Binnen DSOB bestaan verschillende onderling strijdige ideeën over de gemeentelijke waardenkaart. De voorzitter zal, zoals beloofd, een brief schrijven aan B & W, met afschrift aan de GMC, dat wij willen worden betrokken bij het opstellen van de kaart en dat er rekening mee moet worden gehouden dat de procedure veel tijd kan vergen i.v.m. eventuele bezwaren en procedures.
De gedachte leeft nu om de bepalingen uit de conceptverordening te doen gelden tot de waardenkaart en de bestemmingsplannen zijn opgesteld, resp. aangepast. Het opstellen van de gemeentelijke waardenkaart is geen taak van de GMC, maar van DSOB. Besloten wordt dat de voorzitter een brief zal schrijven aan B & W, met afschrift aan de GMC dat wij willen worden betrokken bij het opstellen van de kaart en dat er rekening mee moet worden gehouden dat de procedure veel tijd kan vergen i.v.m. eventuele bezwaren en procedures.
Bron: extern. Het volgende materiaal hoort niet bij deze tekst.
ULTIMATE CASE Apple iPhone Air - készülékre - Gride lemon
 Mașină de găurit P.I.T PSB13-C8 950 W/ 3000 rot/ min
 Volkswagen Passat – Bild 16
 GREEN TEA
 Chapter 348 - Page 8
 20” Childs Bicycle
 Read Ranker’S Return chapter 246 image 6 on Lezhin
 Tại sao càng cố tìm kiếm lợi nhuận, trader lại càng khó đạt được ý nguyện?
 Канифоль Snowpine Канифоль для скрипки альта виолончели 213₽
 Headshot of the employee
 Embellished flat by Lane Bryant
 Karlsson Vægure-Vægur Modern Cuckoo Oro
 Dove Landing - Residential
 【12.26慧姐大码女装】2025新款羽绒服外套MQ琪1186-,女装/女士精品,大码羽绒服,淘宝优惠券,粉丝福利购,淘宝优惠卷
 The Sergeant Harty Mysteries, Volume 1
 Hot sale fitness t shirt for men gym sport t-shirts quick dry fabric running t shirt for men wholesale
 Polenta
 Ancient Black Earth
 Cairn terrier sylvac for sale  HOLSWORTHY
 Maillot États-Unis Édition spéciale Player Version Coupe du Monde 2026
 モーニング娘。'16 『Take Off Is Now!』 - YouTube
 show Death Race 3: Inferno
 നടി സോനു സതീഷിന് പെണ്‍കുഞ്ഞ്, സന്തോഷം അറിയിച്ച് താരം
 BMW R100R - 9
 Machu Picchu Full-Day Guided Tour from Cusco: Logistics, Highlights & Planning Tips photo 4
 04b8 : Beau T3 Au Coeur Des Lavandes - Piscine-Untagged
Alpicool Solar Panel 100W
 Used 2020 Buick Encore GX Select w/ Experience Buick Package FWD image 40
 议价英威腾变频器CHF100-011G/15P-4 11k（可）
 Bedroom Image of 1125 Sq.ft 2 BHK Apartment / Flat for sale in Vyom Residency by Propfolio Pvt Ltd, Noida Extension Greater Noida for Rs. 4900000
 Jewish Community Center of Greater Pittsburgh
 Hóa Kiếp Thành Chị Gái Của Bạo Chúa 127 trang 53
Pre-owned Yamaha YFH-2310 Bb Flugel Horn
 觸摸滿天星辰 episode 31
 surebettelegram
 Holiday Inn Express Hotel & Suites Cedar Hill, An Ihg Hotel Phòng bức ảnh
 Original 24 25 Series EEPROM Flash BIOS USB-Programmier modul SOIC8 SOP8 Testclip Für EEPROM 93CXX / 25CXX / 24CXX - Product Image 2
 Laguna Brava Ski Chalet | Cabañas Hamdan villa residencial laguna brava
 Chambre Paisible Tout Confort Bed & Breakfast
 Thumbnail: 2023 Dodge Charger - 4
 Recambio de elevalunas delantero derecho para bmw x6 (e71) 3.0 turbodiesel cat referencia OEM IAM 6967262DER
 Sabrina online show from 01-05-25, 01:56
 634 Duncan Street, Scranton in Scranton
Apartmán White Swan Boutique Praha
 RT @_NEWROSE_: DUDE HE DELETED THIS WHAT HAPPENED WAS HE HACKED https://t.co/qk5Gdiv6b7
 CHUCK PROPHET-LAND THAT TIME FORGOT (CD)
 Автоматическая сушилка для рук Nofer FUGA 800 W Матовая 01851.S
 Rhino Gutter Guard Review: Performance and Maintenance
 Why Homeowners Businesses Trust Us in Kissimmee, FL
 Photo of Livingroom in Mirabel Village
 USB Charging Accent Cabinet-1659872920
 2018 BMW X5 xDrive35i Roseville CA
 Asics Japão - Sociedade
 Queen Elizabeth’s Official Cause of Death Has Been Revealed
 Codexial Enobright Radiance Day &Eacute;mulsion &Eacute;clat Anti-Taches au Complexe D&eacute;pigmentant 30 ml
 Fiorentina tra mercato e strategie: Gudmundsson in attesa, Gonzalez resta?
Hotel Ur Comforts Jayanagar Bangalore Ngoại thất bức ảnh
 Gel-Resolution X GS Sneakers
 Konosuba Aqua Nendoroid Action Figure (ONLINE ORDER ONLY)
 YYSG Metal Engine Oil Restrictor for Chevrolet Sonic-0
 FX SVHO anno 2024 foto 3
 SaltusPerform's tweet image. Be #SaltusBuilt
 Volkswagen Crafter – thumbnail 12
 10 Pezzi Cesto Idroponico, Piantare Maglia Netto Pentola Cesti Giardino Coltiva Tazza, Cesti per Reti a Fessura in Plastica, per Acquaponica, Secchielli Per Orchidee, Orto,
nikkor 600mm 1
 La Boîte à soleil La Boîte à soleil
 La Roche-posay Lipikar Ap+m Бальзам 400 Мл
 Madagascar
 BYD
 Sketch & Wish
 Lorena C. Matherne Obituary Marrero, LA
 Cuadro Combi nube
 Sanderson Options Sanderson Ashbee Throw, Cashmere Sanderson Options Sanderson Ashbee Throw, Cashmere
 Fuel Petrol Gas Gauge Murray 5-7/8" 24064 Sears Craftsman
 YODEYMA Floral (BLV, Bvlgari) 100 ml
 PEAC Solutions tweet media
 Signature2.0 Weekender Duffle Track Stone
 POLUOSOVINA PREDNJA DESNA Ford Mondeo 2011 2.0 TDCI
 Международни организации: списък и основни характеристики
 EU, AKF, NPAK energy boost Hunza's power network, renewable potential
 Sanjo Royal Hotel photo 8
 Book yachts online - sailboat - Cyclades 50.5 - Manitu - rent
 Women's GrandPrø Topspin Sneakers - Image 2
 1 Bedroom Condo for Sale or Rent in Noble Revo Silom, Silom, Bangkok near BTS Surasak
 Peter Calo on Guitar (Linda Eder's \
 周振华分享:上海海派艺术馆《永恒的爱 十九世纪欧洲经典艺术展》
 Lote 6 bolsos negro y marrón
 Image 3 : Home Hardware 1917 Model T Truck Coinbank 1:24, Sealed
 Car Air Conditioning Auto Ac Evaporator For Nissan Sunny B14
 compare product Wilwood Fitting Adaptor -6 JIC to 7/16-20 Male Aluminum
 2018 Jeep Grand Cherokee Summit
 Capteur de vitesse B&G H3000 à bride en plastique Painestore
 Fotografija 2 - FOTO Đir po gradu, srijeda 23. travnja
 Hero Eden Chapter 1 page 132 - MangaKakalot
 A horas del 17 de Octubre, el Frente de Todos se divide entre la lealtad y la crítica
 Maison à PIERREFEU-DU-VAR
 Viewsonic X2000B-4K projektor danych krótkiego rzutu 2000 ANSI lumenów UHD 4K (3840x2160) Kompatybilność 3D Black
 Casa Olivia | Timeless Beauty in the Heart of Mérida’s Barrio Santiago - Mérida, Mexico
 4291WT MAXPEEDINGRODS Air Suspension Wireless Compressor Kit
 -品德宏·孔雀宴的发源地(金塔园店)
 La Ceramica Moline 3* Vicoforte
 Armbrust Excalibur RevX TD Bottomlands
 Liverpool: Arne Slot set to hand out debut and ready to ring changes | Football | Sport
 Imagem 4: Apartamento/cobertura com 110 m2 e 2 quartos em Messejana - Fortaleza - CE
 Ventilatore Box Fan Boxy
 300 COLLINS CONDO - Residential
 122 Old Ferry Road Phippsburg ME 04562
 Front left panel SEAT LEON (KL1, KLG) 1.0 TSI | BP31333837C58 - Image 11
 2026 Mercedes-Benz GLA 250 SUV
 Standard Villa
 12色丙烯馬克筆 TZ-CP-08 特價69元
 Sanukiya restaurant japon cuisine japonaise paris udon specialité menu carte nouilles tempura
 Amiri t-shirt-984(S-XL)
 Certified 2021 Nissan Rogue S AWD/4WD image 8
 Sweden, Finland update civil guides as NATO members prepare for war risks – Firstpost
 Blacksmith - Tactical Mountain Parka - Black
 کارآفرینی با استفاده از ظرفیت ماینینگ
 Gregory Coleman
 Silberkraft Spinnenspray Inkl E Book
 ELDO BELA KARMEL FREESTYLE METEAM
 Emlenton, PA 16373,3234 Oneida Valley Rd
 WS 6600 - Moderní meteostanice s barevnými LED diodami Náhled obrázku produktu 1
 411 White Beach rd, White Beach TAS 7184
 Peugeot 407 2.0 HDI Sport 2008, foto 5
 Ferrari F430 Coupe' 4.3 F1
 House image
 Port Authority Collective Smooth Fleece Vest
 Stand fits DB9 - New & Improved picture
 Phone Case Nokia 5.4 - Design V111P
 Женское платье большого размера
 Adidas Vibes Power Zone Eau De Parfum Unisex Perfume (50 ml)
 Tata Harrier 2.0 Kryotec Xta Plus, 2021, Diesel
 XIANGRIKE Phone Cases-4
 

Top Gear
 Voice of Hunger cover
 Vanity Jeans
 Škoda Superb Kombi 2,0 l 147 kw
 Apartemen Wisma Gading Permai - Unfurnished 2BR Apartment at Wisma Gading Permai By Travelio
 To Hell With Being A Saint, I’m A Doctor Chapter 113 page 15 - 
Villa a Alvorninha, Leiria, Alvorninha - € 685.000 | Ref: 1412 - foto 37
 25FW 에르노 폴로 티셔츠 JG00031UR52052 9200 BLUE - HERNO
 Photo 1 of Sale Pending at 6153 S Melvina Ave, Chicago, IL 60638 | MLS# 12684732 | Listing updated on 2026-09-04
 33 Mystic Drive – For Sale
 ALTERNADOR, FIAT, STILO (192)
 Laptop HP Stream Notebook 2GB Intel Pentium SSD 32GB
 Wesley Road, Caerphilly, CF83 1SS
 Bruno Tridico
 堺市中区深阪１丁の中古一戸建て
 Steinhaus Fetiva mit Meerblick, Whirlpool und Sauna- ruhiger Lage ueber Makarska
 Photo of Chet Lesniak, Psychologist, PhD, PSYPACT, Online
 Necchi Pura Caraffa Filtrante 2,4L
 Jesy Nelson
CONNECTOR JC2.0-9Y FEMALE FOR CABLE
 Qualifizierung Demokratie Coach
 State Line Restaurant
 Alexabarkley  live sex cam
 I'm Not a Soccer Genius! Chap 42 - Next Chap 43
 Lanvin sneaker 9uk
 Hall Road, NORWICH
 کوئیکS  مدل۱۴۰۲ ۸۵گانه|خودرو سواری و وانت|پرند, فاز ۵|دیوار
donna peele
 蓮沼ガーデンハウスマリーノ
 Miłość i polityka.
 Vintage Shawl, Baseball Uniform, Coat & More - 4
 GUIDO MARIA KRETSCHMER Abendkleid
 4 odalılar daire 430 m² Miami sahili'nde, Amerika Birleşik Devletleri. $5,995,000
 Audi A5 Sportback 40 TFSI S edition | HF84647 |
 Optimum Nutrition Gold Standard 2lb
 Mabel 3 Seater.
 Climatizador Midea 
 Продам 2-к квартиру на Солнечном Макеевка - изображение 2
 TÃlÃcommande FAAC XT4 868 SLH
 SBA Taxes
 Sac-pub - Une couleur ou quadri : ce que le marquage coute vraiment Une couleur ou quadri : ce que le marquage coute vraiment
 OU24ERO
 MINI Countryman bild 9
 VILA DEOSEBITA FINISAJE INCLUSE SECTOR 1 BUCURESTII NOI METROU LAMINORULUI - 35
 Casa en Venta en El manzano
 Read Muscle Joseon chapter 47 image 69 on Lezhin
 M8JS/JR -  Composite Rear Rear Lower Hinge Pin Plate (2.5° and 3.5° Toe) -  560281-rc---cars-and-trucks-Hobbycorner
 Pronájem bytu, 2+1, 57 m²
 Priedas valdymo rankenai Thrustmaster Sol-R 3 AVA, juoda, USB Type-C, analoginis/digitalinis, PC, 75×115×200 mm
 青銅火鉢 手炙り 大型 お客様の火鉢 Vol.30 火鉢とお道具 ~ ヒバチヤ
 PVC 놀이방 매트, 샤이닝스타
In de GMC is in het kader van de nieuwe monumentenverordening gesuggereerd dat het niet nodig is over te gaan tot aanwijzing van beschermde stadsgezichten. Met behulp van het bestemmingsplan en de gemeentelijke waardenkaart moet het mogelijk zijn voldoende bescherming te bieden. Dit idee is op zich niet onjuist. Een probleem is echter dat de gemeente vele jaren achterloopt met het vaststellen van bestemmingsplannen en dat er
– afgezien van de provinciale kaart – ook nog geen gemeentelijke waardenkaart bestaat. Voorlopig blijft de bescherming via de status beschermd stadsgezicht daarom nodig.